Numbers & Operations with Fractions
5.NF.A.1
I can add and subtract fractions with unlike denominators (including mixed numbers) by using
equivalent fractions as a strategy to produce equivalent sums or differences of the fractions
with unlike denominators.
Vocabulary:
1. Numerator- top of the fraction, shows how much you have
2. Denominator- bottom of the fraction, shows how much there is in total
3. Unlike denominators- when the denominators of two or more fractions
are different
4. Like denominators- when the denominators of two or more fractions
are the same
Numbers & Operations with Fractions
5.NF.A.2
I can solve word problems involving addition and subtraction of fractions.
o
Decide whether to add or subtract and then solve.
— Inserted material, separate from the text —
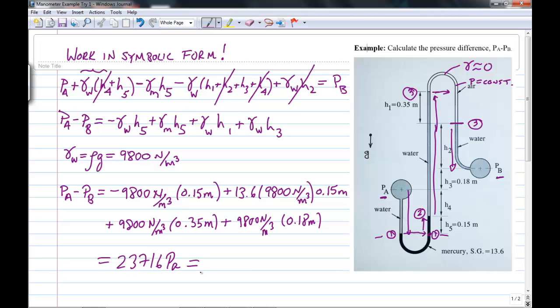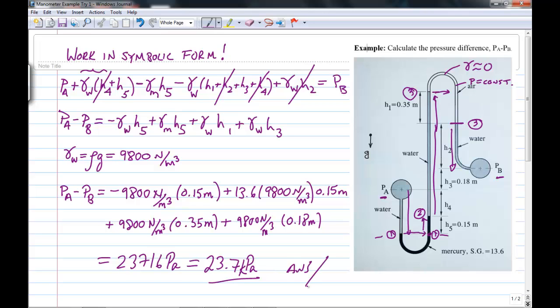I recommend always rounding final answers to three significant digits, since your input data is usually not accurate beyond three digits. So the final answer is 23.7 kilopascals.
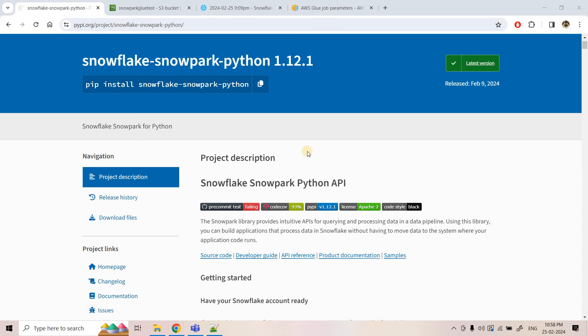Hello friends, welcome to our channel Knowledge Amplifier. Today in this video we are going to explore how we can run a Snowpark Python script in an AWS Glue Python shell job. Suppose you have a Snowpark script already written and you want to schedule it using AWS Glue, maybe using EventBridge to trigger that Glue job or from Lambda in an event-driven manner, and that Glue job should execute the Snowpark script.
Jack is making a family recipe. He uses 3/8 teaspoon of curry and 1/3
teaspoon of rosemary. How much spice does Jack use in all?
Stella had 7/8 of a bag of popcorn. She gave 5/6 of the bag to her friends.
How much does Stella have left?
Hailey builds a model car for a competition. The maximum car length allowed
is 8 3/4 inches. Hailey's car measures 6 9/16 inches. How much shorter is her
car than the maximum length allowed?
Jill and her brother Ray grow tomatoes. Jill picks 3 2/3 pounds and Ray picks
2 1/2 pounds. They give 4 pounds to Uncle Joe and the rest to Uncle Pete.
How many pounds of tomatoes do they give to Uncle Pete?
There were 5 1/4 gallons of water in an aquarium. Then Bruce added 2 2/3
gallons of water. If the aquarium holds 15 gallons, how many more gallons
does Bruce need to add to fill the aquarium?
Maria is writing a book report. The first week, she wrote 5/12 of the report
and the next week she wrote 1/4 of the report. What fraction of the whole
report has Maria completed?
Numbers & Operations with Fractions
5.NF.B.3
I can interpret a fraction as division of the numerator by the denominator. I can solve word
problems involving division of whole numbers leading to answers in the form of fractions or mixed
numbers.
o
Every fraction is a part of a whole. Anytime you divide up a whole into
parts, you make fractions. Fractions are division.
o
You can solve by drawing a picture:
Max is making 5 batches of chocolate chip cookies. He has 3 bags of
chocolate chips. How does he divide the chips equally into the batches?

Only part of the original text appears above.